About this task:
Pictures excluded, output the lines of the data below between the one holding "Jeans - (Multi)" and the one holding "3. TrueBlue: Single", inclusive, exactly as they stand.

Data for review:
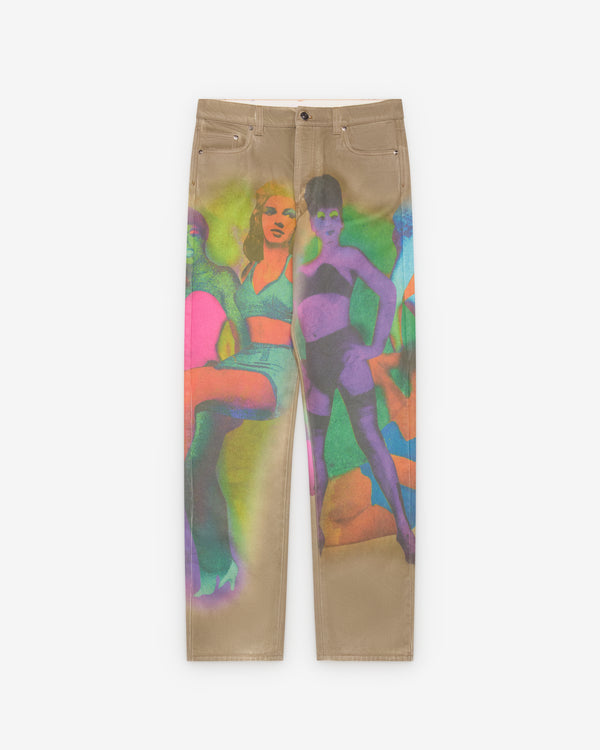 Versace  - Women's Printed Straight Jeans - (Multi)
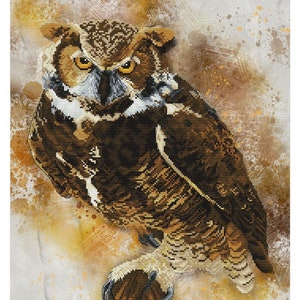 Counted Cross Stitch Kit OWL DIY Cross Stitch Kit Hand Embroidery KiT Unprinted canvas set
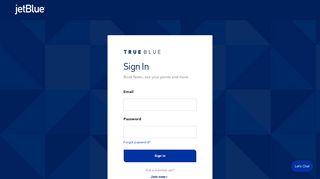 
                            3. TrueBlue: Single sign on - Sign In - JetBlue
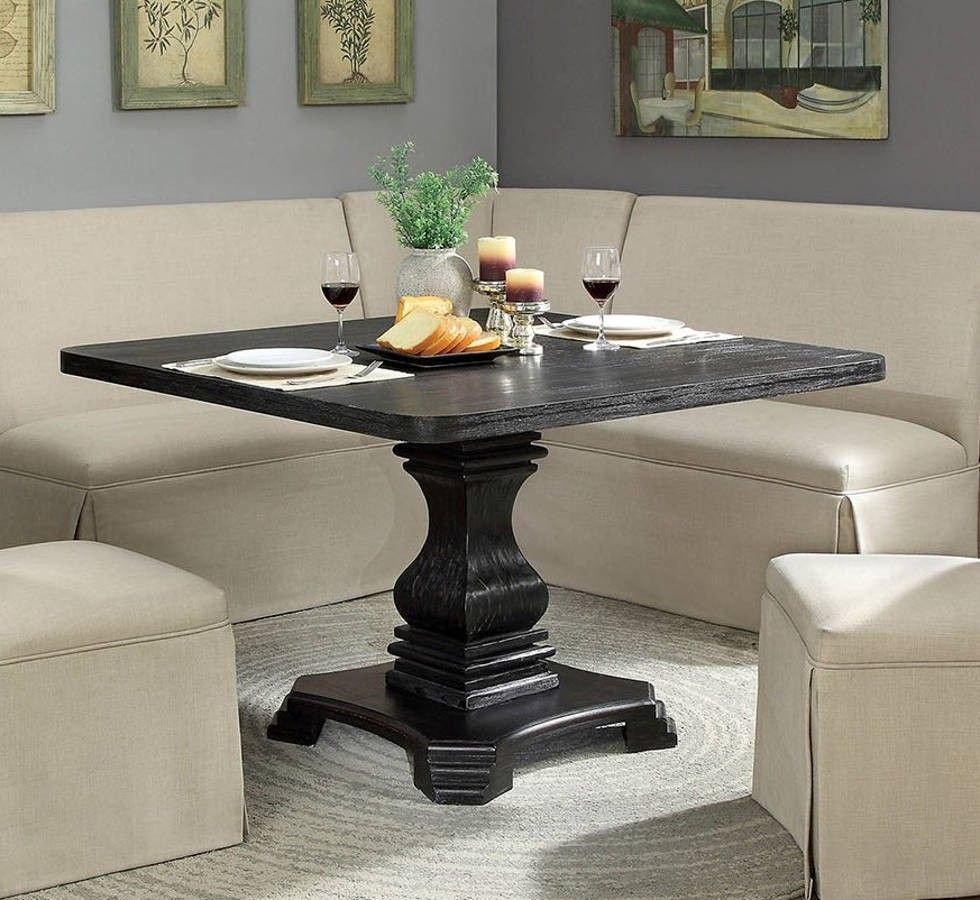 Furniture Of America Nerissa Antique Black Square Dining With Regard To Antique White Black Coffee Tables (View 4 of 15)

...

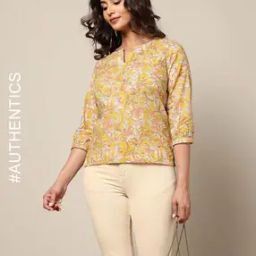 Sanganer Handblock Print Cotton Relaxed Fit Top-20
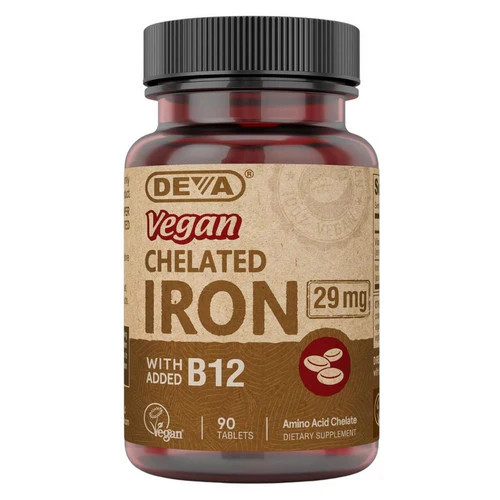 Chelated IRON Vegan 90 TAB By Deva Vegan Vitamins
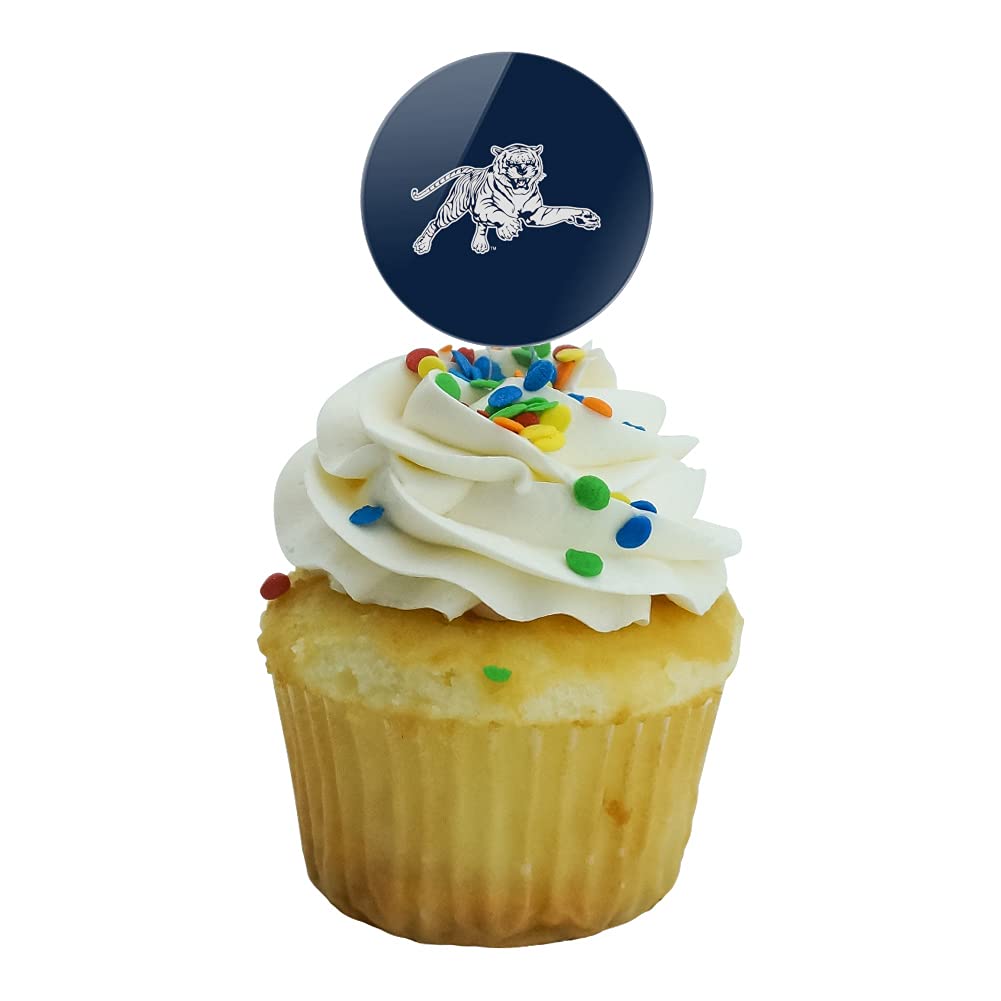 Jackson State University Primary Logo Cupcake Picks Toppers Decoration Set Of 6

Solution to the exercise:
 Versace  - Women's Printed Straight Jeans - (Multi)
 Counted Cross Stitch Kit OWL DIY Cross Stitch Kit Hand Embroidery KiT Unprinted canvas set
                            3. TrueBlue: Single sign on - Sign In - JetBlue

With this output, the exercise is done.